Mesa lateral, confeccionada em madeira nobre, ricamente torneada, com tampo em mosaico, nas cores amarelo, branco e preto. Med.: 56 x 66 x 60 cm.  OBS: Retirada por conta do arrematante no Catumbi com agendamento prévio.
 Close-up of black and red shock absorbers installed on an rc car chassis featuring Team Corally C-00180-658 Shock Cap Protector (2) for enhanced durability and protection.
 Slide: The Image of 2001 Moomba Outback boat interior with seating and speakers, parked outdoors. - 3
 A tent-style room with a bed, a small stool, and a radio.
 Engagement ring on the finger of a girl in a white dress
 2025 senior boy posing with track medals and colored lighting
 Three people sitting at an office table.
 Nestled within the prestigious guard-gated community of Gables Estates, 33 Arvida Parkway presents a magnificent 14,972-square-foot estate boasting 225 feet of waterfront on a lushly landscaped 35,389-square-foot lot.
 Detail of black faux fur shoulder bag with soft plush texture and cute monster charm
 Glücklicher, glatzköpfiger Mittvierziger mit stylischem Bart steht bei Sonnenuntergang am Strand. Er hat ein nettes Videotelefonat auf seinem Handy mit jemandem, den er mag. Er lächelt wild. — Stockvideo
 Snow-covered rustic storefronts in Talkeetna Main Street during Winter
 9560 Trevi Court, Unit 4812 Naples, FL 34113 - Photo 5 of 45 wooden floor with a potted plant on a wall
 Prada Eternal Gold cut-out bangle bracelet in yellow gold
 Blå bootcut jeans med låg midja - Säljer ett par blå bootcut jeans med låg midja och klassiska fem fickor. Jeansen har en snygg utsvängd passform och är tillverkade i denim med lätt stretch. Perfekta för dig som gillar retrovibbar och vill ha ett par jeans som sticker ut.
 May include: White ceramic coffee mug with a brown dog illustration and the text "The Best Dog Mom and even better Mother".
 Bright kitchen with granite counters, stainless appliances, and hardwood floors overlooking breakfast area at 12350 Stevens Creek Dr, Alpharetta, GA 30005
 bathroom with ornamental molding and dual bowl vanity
-------
--- WHAT THIS TASK INVOLVES ---
Word for word, copy out the data.

--- ANSWER BELOW ---
Mesa lateral, confeccionada em madeira nobre, ricamente torneada, com tampo em mosaico, nas cores amarelo, branco e preto. Med.: 56 x 66 x 60 cm.  OBS: Retirada por conta do arrematante no Catumbi com agendamento prévio.
 Close-up of black and red shock absorbers installed on an rc car chassis featuring Team Corally C-00180-658 Shock Cap Protector (2) for enhanced durability and protection.
 Slide: The Image of 2001 Moomba Outback boat interior with seating and speakers, parked outdoors. - 3
 A tent-style room with a bed, a small stool, and a radio.
 Engagement ring on the finger of a girl in a white dress
 2025 senior boy posing with track medals and colored lighting
 Three people sitting at an office table.
 Nestled within the prestigious guard-gated community of Gables Estates, 33 Arvida Parkway presents a magnificent 14,972-square-foot estate boasting 225 feet of waterfront on a lushly landscaped 35,389-square-foot lot.
 Detail of black faux fur shoulder bag with soft plush texture and cute monster charm
 Glücklicher, glatzköpfiger Mittvierziger mit stylischem Bart steht bei Sonnenuntergang am Strand. Er hat ein nettes Videotelefonat auf seinem Handy mit jemandem, den er mag. Er lächelt wild. — Stockvideo
 Snow-covered rustic storefronts in Talkeetna Main Street during Winter
 9560 Trevi Court, Unit 4812 Naples, FL 34113 - Photo 5 of 45 wooden floor with a potted plant on a wall
 Prada Eternal Gold cut-out bangle bracelet in yellow gold
 Blå bootcut jeans med låg midja - Säljer ett par blå bootcut jeans med låg midja och klassiska fem fickor. Jeansen har en snygg utsvängd passform och är tillverkade i denim med lätt stretch. Perfekta för dig som gillar retrovibbar och vill ha ett par jeans som sticker ut.
 May include: White ceramic coffee mug with a brown dog illustration and the text "The Best Dog Mom and even better Mother".
 Bright kitchen with granite counters, stainless appliances, and hardwood floors overlooking breakfast area at 12350 Stevens Creek Dr, Alpharetta, GA 30005
 bathroom with ornamental molding and dual bowl vanity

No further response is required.